Author Presentation: David Whish-Wilson
Crime fiction author David Whish-Wilson discusses his workings and his novels.

Creating Your Characters
What makes a character memorable or interesting? How can you make sure that your readers will root for the heroine and hope for a suitably unpleasant demise for the villain…and not the other way around? This panel will look at what makes for good characterisation.

The Soham Murders: A Case Study in Forensic Science
Forensic science has become a focus of popular fictional television programs, which has contributed to a generally unrealistic view of this important area. Through a discussion of the Soham Case, the real significance of the many different scientific disciplines will be demonstrated and the importance of teamwork involved in the solution of this tragic crime . This high profile British murder case involved the investigation of the death of two ten year old girls in August 2002 in Soham, England. An overview of forensic research being carried out in Western Australian universities will also be provided.

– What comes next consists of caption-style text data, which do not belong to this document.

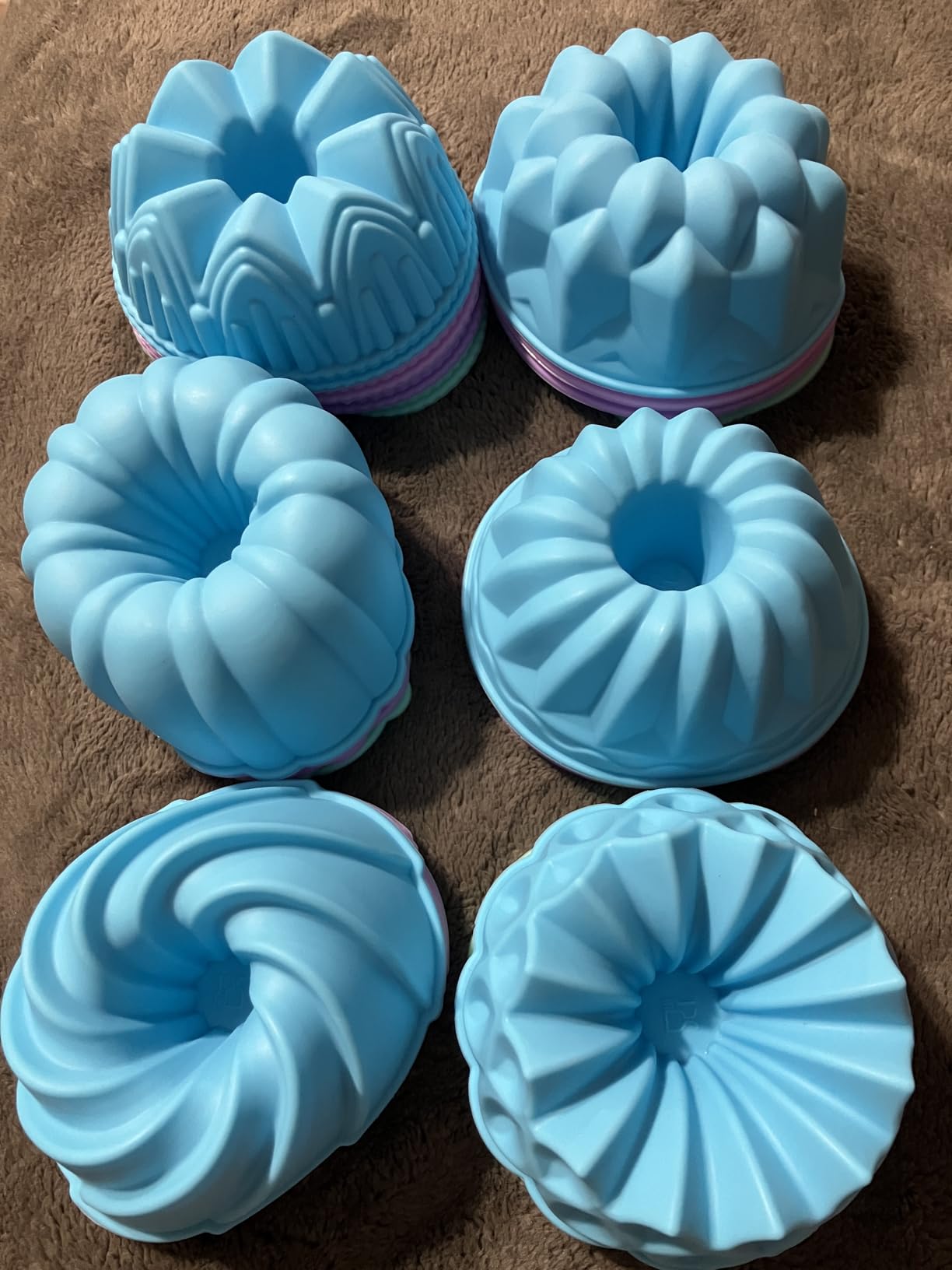 To encounter 24Pack Silicone Molds, Nonstick 2 3/4 inches Donut Mold, Silicone Baking Cups, Donut Pan, Muffin, Jello, Bagel Pan, Oven- Microwave- Dishwasher Safe customer photo 1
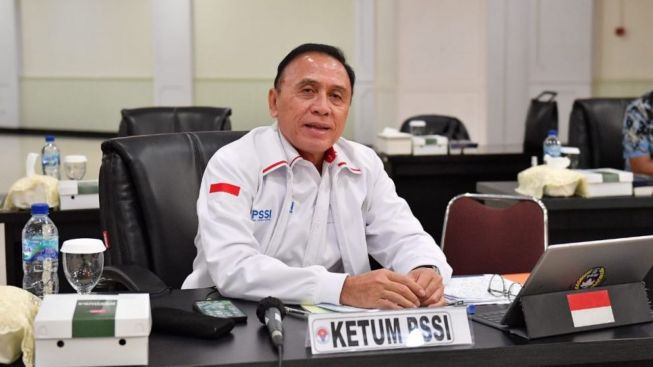 Saat Ketua PSSI Iwan Bule Ucap Hadirin yang Berbahagia di Konpers Tragedi Kanjuruhan Malang, Berujung Desakan Mundur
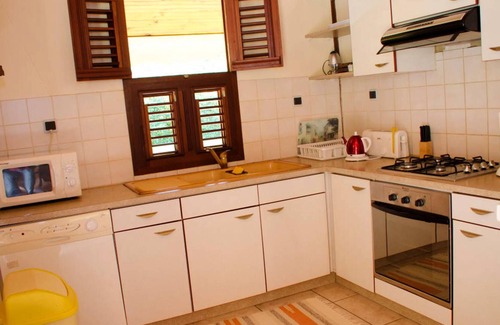 Gros-Morne Casa | Homerez - Spacious house for 4 ppl. with terrace at Gros-Morne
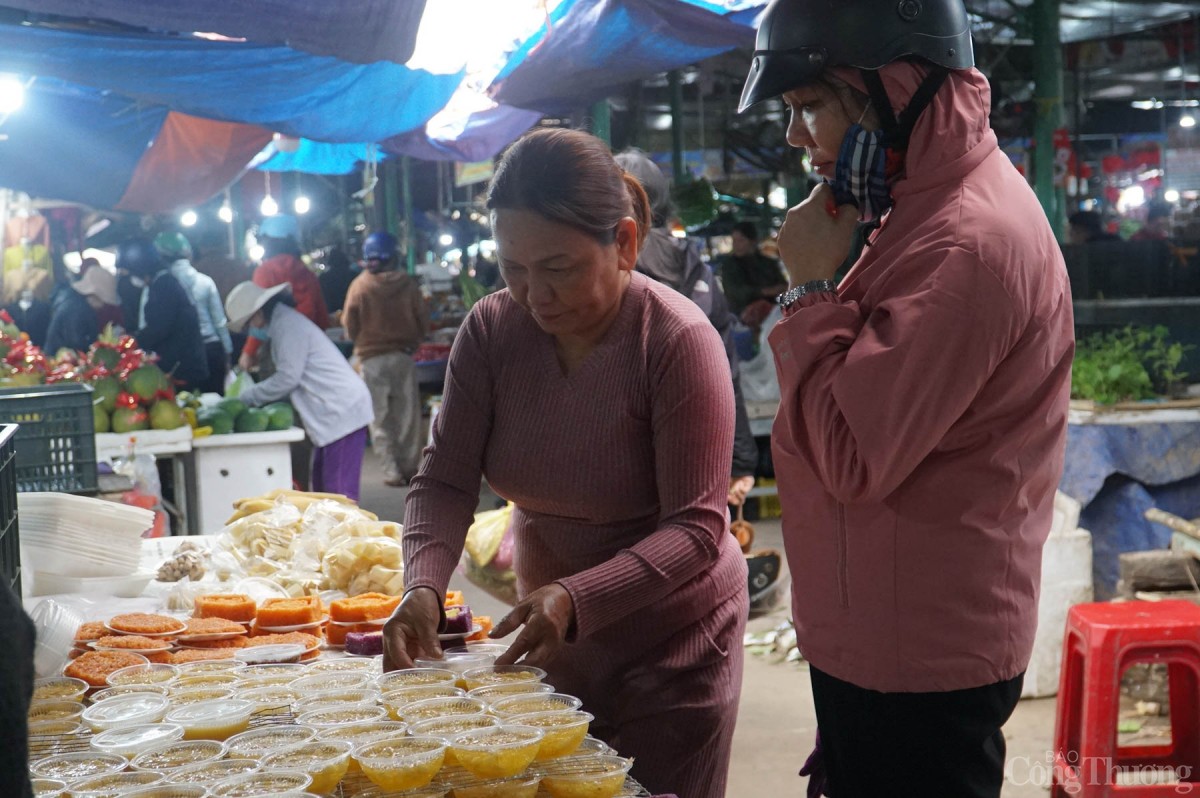 Mua xôi, chè nấu sẵn cho mâm cúng Giao thừa và mùng 1 Tết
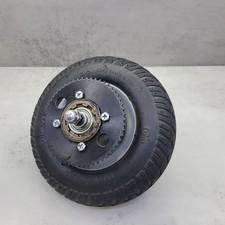 Gruppo pneumatici e ruote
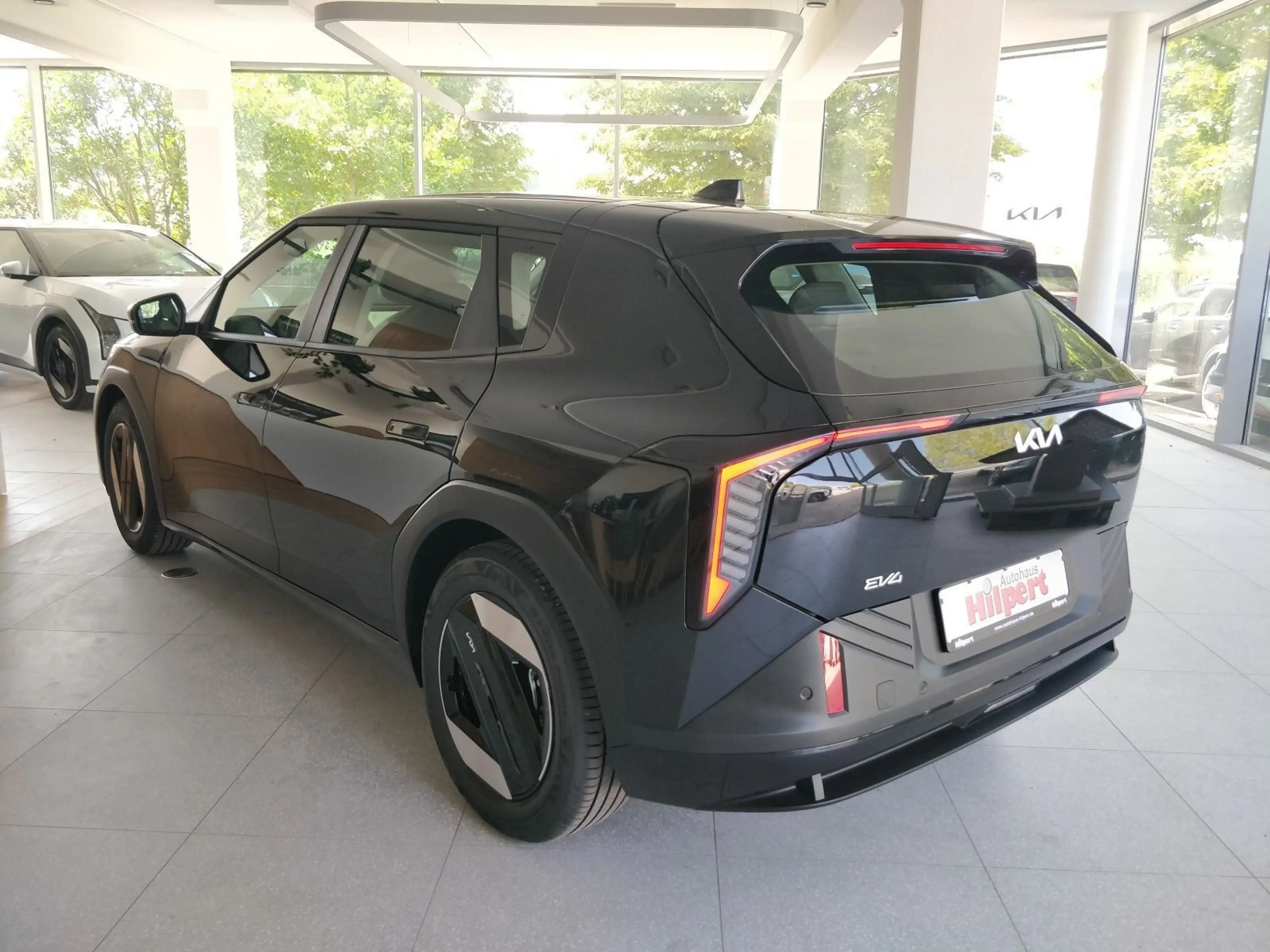 Kia EV4 58,3 kWh AIR 204PS WÄRME 17"ALU ACC KEYLESS — photo 4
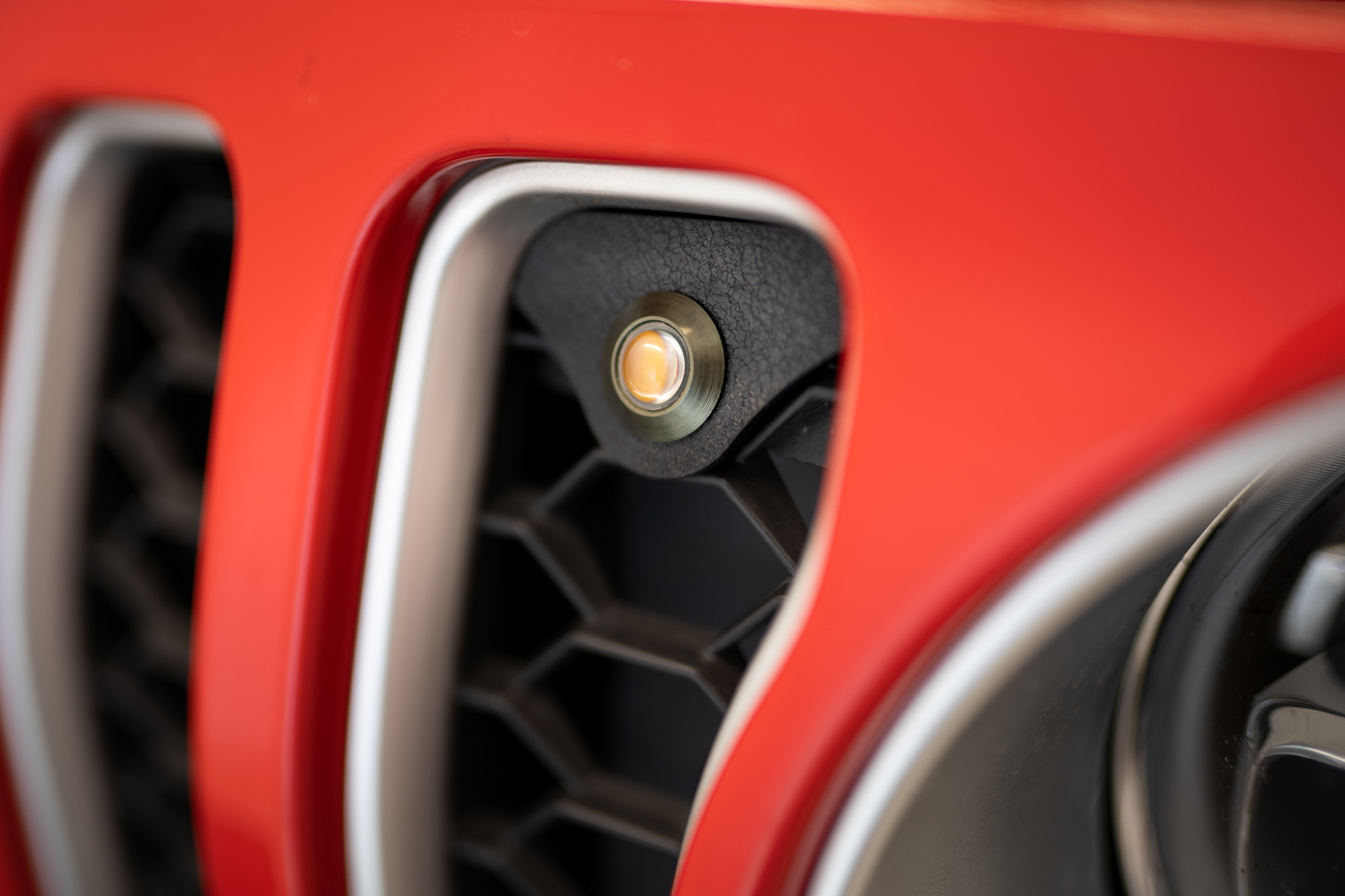 DV8 Offroad GRJL-02 18-22 JEEP WRANGLER JL FRONT GRILL AMBER ACCENT LIGHTS GRJL-02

Author Presentation: Alan Carter
Crime fiction author Alan Carter discusses his workings and his novels.

LUNCH

Getting The Details Right Forensically and Scientifically
In addition to great characters, a compelling story and engaging scenery, getting the science and forensics right can add another layer of authenticity and believability to your story and help pull your readers into your world. Find out why the little things can be so important.

Inductively Coupled Plasma Mass Spectrometry (ICP-MS and LA-ICP-MS) – the future of inorganic forensics science?
With so much forensic science in TV crime shows, not only has the general public become more aware of the subject but the professional criminals have become better educated in ensuring no evidence is left at a crime scene. Resulting from this is the increasing demand on the forensic scientist to do more and more with less and less. Over the last ten years, mass spectrometric techniques, pioneered by the Centre of Forensic Science at UWA, have become available that are able to provide analytical data from particles less than the size of a sand grain. Today’s talk will outline the impact of this technology to crime scene investigation and the provenance establishment of forensic evidence, using a technique that is far more amazing in fact than in fiction.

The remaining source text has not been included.